Talking about nationality, it is somewhat ironic that Froome's background is so much of a story when relatively little is made of Wiggins' Belgian birth or Australian father; or Scotland's David Millar being born in Malta, his formative years in Hong Kong and adult life in France and Spain.
Alberto Contador was the main beneficiary of Froome's fatigue at the Vuelta, but the double Tour champion holds no special fears now.
"I've got his measure," said Froome, with an air of relaxed confidence that was never apparent until this year.
"I am expecting him to be at a different level again at the Tour; everybody lifts themselves that bit extra for the Tour, but I don't think he's somebody we need to be worried about.
"We've shown we can race against him and we can certainly beat him."
A fifth win in six starts this year would bring Froome the graduation triumph his talent deserves and underline Britain's arrival as the new force in world cycling.
But it would also break new ground for a continent where paved roads are still a luxury for many, let alone carbon frames and electronic gears.

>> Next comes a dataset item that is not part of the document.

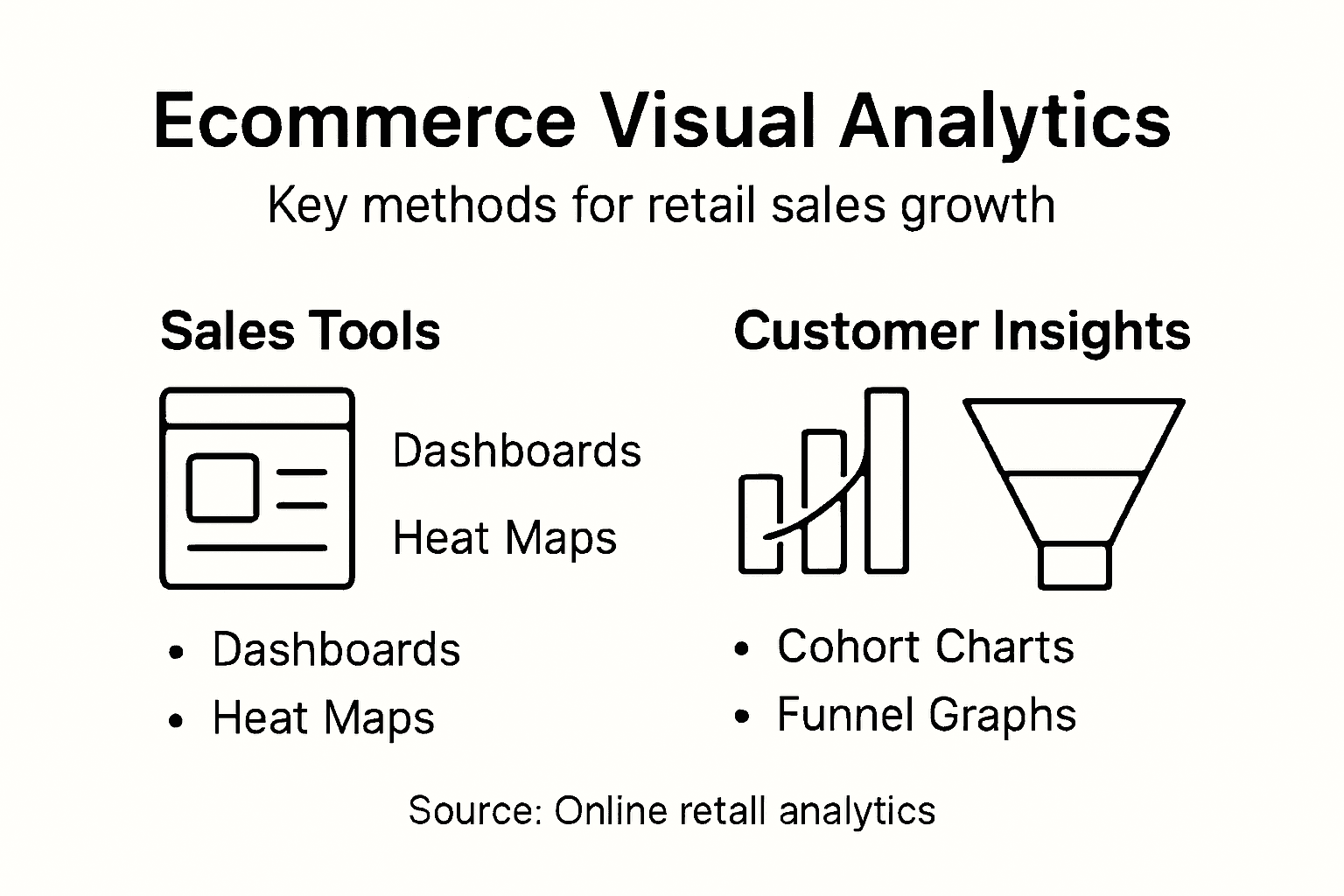 Infographic comparing ecommerce visual analytics tools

"I feel I'm carrying the flag for Britain, I feel a responsibility there and an honour," said Froome, who might have ridden in Kenyan colours until 2008 but had been always raised as an expat by his British parents.
"But at the same time I have African roots and I would like that to show Africans that even coming from a third world country, it is possible to get to the top of wherever you want be."
To be fair, it has taken Froome a few years to work that out for himself.
But now he has realised that where he wants to be are places like Mont Ventoux, Alpe d'Huez and the Champs-Elysees, the top is his for the taking.